> [Directions]: Please work out how many lines in the data below contain "Classic", and reply with that number alone.

══════════

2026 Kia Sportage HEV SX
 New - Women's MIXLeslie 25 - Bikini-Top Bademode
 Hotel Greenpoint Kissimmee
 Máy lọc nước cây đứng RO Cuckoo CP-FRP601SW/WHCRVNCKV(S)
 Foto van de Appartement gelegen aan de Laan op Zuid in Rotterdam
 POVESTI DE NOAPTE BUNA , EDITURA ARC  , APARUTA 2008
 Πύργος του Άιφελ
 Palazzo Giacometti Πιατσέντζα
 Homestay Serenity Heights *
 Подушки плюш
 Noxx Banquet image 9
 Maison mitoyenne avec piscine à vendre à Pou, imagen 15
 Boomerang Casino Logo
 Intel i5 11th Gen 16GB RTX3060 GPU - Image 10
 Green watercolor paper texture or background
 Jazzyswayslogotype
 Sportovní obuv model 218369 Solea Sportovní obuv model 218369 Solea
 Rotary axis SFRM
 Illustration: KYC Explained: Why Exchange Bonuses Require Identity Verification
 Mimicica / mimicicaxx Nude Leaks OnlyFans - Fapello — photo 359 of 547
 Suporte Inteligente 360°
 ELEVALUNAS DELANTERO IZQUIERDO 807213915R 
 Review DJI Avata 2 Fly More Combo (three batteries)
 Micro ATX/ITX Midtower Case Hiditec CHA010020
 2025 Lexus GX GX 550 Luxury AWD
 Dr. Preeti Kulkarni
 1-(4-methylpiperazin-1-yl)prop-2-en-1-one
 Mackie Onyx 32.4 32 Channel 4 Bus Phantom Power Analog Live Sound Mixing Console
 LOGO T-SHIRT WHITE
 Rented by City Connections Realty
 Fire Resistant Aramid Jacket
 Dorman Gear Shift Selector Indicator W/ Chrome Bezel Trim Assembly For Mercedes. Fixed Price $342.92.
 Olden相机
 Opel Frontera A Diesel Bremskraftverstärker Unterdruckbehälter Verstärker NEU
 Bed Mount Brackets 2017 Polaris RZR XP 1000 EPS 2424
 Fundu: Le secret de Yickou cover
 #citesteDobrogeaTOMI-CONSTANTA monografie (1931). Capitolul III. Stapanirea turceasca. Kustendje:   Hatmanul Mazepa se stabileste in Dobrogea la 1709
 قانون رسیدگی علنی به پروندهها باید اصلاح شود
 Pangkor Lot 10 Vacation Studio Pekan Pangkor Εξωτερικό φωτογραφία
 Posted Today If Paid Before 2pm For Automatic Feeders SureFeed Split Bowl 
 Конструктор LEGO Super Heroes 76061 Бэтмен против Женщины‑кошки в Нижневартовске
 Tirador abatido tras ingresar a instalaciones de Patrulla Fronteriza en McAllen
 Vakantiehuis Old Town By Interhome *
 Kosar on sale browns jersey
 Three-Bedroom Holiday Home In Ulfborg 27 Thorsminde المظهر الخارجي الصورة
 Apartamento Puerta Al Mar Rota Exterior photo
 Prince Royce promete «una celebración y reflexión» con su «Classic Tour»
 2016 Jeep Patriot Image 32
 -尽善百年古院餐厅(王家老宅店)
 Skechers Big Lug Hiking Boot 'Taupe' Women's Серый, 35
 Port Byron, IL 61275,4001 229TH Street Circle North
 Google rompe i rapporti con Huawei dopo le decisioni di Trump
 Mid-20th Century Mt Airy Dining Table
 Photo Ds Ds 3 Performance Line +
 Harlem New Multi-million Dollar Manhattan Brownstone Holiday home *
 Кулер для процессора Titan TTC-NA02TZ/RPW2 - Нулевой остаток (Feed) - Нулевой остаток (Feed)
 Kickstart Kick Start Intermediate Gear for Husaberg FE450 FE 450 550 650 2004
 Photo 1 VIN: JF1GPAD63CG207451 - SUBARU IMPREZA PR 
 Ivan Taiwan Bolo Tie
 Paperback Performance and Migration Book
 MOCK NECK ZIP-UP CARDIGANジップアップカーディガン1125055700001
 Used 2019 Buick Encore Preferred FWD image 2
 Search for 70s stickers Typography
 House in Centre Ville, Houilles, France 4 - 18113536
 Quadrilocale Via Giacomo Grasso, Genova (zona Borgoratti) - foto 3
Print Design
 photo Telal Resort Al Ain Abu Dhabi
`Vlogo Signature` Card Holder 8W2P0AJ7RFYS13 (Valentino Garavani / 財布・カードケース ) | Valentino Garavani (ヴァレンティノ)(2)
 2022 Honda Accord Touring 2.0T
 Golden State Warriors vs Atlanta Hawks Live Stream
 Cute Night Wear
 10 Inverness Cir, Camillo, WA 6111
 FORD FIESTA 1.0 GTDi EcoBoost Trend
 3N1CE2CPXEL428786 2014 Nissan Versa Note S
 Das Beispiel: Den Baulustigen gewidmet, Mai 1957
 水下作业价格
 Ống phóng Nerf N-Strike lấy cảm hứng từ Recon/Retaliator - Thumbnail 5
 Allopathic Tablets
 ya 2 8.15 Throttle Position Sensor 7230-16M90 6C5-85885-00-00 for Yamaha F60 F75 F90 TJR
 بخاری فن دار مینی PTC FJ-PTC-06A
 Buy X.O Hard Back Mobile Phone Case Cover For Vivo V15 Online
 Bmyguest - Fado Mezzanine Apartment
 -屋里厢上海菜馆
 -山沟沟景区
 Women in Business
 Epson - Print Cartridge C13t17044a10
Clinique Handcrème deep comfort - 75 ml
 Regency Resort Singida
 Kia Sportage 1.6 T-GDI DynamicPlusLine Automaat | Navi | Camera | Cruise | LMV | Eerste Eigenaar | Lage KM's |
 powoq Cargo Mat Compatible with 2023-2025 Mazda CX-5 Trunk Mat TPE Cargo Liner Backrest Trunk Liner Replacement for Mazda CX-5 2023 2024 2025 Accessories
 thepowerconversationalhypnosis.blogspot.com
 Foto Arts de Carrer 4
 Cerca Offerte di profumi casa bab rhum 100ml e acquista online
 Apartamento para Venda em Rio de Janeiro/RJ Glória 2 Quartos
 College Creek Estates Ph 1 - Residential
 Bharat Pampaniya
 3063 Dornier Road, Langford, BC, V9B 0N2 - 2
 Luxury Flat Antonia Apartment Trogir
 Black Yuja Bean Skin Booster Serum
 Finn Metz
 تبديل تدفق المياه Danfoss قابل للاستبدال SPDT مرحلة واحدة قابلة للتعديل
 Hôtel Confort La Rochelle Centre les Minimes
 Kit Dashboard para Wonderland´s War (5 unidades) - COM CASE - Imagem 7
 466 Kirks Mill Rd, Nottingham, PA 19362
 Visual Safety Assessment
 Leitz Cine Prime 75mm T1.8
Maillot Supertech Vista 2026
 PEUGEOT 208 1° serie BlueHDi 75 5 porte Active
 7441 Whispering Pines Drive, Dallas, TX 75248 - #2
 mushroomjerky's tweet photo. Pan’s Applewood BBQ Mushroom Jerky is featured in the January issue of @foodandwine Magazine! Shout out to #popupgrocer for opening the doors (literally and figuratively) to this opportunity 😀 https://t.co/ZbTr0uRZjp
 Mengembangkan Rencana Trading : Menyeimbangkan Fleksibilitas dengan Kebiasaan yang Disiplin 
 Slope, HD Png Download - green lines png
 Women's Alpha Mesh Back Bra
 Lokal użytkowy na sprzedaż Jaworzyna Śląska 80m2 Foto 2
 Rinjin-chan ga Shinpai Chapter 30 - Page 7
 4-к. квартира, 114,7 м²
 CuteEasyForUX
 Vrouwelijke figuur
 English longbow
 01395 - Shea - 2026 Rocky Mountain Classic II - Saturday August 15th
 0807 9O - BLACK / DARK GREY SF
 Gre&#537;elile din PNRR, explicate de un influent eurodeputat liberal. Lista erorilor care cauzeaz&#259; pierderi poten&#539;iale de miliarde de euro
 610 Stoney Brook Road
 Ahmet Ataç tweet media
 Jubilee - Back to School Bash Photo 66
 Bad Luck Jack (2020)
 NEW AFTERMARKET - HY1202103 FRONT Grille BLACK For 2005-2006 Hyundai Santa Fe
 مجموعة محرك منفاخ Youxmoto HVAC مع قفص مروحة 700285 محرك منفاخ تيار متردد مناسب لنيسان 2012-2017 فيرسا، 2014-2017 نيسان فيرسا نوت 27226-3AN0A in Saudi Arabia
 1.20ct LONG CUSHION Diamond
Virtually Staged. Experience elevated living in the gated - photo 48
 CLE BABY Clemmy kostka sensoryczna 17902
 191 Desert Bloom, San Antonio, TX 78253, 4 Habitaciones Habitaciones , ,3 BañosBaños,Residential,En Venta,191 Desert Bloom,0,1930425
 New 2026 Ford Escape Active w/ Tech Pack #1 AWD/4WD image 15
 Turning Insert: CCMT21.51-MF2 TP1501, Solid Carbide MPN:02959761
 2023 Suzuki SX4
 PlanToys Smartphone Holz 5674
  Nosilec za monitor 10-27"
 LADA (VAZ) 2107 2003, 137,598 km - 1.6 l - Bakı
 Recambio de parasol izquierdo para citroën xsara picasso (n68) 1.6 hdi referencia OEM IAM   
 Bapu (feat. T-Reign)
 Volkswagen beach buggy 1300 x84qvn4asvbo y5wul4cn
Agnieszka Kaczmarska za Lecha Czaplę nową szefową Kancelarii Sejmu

══════════

> [Solution below]: 2